Graphika’s senior investigative analyst Ira Hubert, commenting on the study, said: “The report shows that on U.S. platforms, there was no ‘honeymoon’ in the first months of the Biden administration. The network put out a steady mix of anti-U.S. content, for example cheering U.S. ‘defeat’ ahead of its withdrawal from Afghanistan and painting the U.S. as a poor ally whose aid to India was inadequate during some of its worst months battling Covid.”

The report findings indicate that the fake accounts used to support Chinese propaganda are the result of a well-executed strategy to target Western countries that oppose Chinese aggression. Some of these fake social media profiles were made to post Chinese propaganda content while some others were set up to like and share those posts fast.

Many of these fake profiles were equipped with AI-generated photos. (Image: 4111582 via Pixabay)

Extensive use of AI and dormant accounts

Many of these fake profiles were equipped with AI-generated photos. These images resemble real users, but they were made using AI tools. This is a new technique being used to evade the scrutiny of social media entities. 

Not all fake account users were not all AI-driven, as some accounts laid dormant for a long period of time before suddenly activating. This indicates the fake users hijacked the dormant accounts.

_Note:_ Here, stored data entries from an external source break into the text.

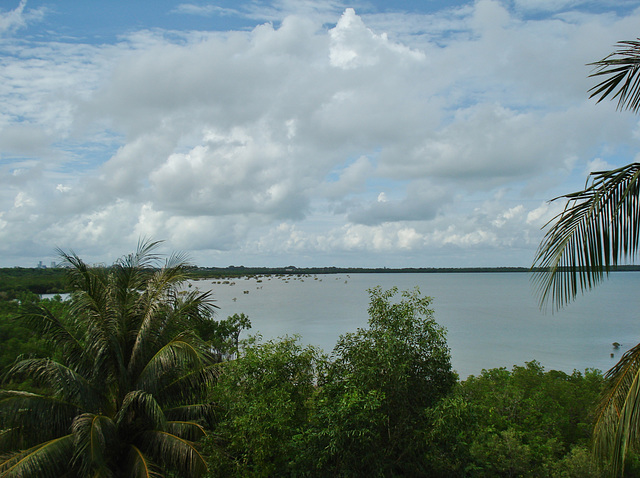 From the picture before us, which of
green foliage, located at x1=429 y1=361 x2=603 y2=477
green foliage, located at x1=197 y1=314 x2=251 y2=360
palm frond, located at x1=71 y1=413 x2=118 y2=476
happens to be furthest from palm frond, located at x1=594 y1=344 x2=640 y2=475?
green foliage, located at x1=197 y1=314 x2=251 y2=360

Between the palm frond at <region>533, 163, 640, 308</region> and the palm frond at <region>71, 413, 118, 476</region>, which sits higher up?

After the study was published, Facebook took prompt action and removed all such accounts. YouTube also terminated some such accounts. The same was the reaction of Twitter, which said: “When we identify information operation campaigns that we can reliably attribute to state-linked activity — either domestic or foreign-led — we disclose them to our public archive.”

The study findings show a new and ambitious effort by China to reach out to users accustomed to using social media platforms that are not allowed in mainland China.